Problem statement – Among the lines below, restate word for word only those from the line with "LANDEN borderless edge" through the line with "#Unsworth❤️ #redtops #newspapers", with both end lines kept.

>>

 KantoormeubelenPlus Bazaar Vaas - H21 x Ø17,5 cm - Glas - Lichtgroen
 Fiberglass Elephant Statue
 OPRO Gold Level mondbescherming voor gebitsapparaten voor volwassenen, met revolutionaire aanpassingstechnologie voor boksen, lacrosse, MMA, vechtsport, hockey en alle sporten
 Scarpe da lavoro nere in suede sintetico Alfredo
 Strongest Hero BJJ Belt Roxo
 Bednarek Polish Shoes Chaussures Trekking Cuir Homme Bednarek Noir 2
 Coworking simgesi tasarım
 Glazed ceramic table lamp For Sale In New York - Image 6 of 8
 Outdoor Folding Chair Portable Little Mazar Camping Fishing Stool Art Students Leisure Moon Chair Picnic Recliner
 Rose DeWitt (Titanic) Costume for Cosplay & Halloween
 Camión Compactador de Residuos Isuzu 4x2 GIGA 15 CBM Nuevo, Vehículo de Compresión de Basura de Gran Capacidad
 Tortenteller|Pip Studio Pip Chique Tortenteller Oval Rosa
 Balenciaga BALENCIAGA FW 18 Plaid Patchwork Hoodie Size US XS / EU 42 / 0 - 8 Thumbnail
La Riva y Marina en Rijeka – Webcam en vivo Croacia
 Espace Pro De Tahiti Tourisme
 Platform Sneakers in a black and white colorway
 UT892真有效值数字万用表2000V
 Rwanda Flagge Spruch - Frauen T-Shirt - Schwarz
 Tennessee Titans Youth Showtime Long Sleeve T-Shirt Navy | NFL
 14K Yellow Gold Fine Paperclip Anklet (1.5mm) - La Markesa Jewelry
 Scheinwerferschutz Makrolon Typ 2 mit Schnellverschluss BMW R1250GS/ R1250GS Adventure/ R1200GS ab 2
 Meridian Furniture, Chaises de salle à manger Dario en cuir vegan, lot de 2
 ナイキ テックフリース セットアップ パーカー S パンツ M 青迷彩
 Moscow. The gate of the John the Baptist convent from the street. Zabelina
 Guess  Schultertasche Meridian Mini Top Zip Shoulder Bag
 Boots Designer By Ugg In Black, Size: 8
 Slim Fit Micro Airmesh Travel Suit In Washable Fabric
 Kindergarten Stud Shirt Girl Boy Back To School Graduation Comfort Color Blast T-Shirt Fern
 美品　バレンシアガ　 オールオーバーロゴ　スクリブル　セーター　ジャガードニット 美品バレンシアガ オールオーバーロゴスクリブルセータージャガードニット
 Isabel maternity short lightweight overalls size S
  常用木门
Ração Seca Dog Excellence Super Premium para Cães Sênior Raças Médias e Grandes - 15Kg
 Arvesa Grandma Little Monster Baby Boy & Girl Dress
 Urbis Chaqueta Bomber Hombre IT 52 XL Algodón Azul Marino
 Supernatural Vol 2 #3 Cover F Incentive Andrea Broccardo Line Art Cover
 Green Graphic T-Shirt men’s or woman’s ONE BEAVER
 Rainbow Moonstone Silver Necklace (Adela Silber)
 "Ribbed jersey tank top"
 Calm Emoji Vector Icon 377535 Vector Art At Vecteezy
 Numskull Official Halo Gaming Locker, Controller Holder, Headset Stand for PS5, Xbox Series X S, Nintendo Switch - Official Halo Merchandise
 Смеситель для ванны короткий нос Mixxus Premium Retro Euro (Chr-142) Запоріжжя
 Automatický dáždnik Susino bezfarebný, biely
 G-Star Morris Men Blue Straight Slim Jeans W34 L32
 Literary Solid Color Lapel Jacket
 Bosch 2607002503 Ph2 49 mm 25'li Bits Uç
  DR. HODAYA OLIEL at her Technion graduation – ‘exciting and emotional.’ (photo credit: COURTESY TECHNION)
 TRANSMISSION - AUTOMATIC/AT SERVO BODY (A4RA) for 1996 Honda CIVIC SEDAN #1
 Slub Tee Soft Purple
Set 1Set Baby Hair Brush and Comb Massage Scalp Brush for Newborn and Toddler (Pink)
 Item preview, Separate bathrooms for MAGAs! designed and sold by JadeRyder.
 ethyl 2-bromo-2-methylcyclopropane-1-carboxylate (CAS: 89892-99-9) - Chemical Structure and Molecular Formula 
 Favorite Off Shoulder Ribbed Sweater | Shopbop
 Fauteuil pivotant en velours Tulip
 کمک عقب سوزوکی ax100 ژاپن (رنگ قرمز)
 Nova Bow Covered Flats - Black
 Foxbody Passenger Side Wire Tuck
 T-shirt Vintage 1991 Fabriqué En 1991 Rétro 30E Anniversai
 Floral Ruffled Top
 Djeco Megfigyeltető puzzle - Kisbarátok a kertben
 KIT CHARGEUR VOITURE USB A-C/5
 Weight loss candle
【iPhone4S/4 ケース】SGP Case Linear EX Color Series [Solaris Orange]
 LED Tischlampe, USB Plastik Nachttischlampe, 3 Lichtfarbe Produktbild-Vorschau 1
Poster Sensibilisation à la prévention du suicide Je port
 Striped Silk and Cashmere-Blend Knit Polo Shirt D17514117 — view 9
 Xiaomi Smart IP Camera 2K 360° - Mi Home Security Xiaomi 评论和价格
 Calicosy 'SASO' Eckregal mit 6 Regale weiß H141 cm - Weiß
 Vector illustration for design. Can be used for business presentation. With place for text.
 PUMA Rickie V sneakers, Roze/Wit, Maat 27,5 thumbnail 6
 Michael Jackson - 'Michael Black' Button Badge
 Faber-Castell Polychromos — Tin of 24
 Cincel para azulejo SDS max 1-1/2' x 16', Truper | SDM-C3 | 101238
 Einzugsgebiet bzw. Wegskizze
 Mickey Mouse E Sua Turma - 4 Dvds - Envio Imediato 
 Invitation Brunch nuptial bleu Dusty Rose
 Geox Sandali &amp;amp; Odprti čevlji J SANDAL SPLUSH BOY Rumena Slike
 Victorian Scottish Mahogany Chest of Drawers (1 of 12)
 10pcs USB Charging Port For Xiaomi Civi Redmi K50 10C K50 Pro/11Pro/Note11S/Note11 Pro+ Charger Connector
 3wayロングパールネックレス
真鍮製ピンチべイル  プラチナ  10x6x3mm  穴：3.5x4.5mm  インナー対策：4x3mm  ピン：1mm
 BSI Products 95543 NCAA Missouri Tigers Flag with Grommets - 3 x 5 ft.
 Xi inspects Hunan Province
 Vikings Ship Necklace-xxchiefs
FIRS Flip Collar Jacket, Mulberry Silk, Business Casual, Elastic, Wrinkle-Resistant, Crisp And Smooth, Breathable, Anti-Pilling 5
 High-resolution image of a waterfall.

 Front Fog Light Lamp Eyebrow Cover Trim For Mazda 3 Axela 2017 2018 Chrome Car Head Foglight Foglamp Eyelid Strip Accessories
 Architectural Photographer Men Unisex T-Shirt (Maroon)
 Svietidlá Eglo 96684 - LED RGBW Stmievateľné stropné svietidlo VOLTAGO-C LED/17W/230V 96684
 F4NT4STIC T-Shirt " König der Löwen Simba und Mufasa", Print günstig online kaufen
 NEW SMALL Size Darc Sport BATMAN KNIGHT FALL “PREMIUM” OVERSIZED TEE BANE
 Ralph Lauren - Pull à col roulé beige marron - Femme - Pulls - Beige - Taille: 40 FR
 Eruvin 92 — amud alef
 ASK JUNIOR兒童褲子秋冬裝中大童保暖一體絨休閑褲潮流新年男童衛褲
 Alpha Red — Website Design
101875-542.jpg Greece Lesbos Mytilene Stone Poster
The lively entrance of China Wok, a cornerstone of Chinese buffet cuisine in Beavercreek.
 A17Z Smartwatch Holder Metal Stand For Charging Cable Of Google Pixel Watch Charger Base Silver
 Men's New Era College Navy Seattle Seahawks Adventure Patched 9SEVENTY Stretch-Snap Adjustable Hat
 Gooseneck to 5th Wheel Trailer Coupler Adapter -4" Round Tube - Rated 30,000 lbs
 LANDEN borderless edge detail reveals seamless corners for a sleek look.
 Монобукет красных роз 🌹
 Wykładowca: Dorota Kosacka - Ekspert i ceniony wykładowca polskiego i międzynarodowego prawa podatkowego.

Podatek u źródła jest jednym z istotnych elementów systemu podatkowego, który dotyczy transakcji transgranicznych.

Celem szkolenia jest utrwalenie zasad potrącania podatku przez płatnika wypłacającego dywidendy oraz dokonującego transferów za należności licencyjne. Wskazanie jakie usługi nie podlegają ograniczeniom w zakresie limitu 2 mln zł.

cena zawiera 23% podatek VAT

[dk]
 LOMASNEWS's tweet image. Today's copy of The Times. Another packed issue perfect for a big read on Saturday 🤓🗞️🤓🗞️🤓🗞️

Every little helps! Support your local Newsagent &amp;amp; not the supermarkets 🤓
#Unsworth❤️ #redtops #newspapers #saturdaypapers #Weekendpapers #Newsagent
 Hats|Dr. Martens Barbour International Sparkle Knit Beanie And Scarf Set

<<

Answer area –
 LANDEN borderless edge detail reveals seamless corners for a sleek look.
 Монобукет красных роз 🌹
 Wykładowca: Dorota Kosacka - Ekspert i ceniony wykładowca polskiego i międzynarodowego prawa podatkowego.

Podatek u źródła jest jednym z istotnych elementów systemu podatkowego, który dotyczy transakcji transgranicznych.

Celem szkolenia jest utrwalenie zasad potrącania podatku przez płatnika wypłacającego dywidendy oraz dokonującego transferów za należności licencyjne. Wskazanie jakie usługi nie podlegają ograniczeniom w zakresie limitu 2 mln zł.

cena zawiera 23% podatek VAT

[dk]
 LOMASNEWS's tweet image. Today's copy of The Times. Another packed issue perfect for a big read on Saturday 🤓🗞️🤓🗞️🤓🗞️

Every little helps! Support your local Newsagent &amp;amp; not the supermarkets 🤓
#Unsworth❤️ #redtops #newspapers #saturdaypapers #Weekendpapers #Newsagent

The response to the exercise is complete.